Up to and including the line containing "BCBG Patterned Crop", set down each line of the entries below exactly, starting from the first, and leave out the rest.

[Extracted data entries]

-- -- --

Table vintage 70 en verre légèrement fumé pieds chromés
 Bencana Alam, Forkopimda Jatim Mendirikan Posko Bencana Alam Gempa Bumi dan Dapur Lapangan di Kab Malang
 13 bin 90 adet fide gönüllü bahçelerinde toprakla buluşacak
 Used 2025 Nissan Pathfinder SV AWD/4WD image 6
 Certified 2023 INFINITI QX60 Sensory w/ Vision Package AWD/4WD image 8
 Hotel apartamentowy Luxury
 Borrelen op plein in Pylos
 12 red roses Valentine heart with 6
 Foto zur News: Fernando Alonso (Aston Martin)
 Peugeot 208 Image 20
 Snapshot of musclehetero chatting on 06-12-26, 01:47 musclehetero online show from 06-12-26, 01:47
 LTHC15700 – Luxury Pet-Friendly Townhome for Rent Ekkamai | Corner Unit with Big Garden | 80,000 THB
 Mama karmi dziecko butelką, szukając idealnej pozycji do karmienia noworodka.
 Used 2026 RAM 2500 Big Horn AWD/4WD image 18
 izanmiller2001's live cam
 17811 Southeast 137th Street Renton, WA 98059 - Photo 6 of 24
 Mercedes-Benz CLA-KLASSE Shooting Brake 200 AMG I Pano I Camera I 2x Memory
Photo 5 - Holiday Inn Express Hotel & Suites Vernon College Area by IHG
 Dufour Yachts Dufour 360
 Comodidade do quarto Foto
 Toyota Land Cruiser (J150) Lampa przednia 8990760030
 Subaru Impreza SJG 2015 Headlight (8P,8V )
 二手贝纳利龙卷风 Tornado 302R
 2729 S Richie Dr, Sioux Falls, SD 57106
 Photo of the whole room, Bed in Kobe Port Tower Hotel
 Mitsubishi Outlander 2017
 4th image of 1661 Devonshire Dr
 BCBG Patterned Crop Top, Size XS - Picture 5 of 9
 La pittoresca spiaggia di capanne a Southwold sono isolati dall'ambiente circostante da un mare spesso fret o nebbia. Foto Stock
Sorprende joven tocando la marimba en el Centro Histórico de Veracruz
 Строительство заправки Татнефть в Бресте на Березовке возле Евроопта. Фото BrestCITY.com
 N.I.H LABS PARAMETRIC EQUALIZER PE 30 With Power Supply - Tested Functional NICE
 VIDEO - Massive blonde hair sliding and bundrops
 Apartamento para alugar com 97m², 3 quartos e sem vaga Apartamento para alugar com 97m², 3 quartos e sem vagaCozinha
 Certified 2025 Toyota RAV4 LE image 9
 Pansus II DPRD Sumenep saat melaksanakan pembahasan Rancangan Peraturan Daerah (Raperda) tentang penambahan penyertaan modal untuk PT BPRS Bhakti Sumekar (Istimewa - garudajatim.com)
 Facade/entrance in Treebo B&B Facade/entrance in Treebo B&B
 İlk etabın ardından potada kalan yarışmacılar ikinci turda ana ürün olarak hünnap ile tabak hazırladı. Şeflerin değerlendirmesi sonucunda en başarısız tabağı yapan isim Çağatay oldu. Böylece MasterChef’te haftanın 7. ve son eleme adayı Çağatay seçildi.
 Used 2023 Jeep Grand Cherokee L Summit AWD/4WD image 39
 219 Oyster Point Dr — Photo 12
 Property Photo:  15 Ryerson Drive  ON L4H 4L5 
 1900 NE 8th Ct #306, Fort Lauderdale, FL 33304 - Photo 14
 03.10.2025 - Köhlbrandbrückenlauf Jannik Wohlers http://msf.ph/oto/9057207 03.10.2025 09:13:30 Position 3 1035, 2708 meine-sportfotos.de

-- -- --

- _Answer to this problem_
Table vintage 70 en verre légèrement fumé pieds chromés
 Bencana Alam, Forkopimda Jatim Mendirikan Posko Bencana Alam Gempa Bumi dan Dapur Lapangan di Kab Malang
 13 bin 90 adet fide gönüllü bahçelerinde toprakla buluşacak
 Used 2025 Nissan Pathfinder SV AWD/4WD image 6
 Certified 2023 INFINITI QX60 Sensory w/ Vision Package AWD/4WD image 8
 Hotel apartamentowy Luxury
 Borrelen op plein in Pylos
 12 red roses Valentine heart with 6
 Foto zur News: Fernando Alonso (Aston Martin)
 Peugeot 208 Image 20
 Snapshot of musclehetero chatting on 06-12-26, 01:47 musclehetero online show from 06-12-26, 01:47
 LTHC15700 – Luxury Pet-Friendly Townhome for Rent Ekkamai | Corner Unit with Big Garden | 80,000 THB
 Mama karmi dziecko butelką, szukając idealnej pozycji do karmienia noworodka.
 Used 2026 RAM 2500 Big Horn AWD/4WD image 18
 izanmiller2001's live cam
 17811 Southeast 137th Street Renton, WA 98059 - Photo 6 of 24
 Mercedes-Benz CLA-KLASSE Shooting Brake 200 AMG I Pano I Camera I 2x Memory
Photo 5 - Holiday Inn Express Hotel & Suites Vernon College Area by IHG
 Dufour Yachts Dufour 360
 Comodidade do quarto Foto
 Toyota Land Cruiser (J150) Lampa przednia 8990760030
 Subaru Impreza SJG 2015 Headlight (8P,8V )
 二手贝纳利龙卷风 Tornado 302R
 2729 S Richie Dr, Sioux Falls, SD 57106
 Photo of the whole room, Bed in Kobe Port Tower Hotel
 Mitsubishi Outlander 2017
 4th image of 1661 Devonshire Dr
 BCBG Patterned Crop Top, Size XS - Picture 5 of 9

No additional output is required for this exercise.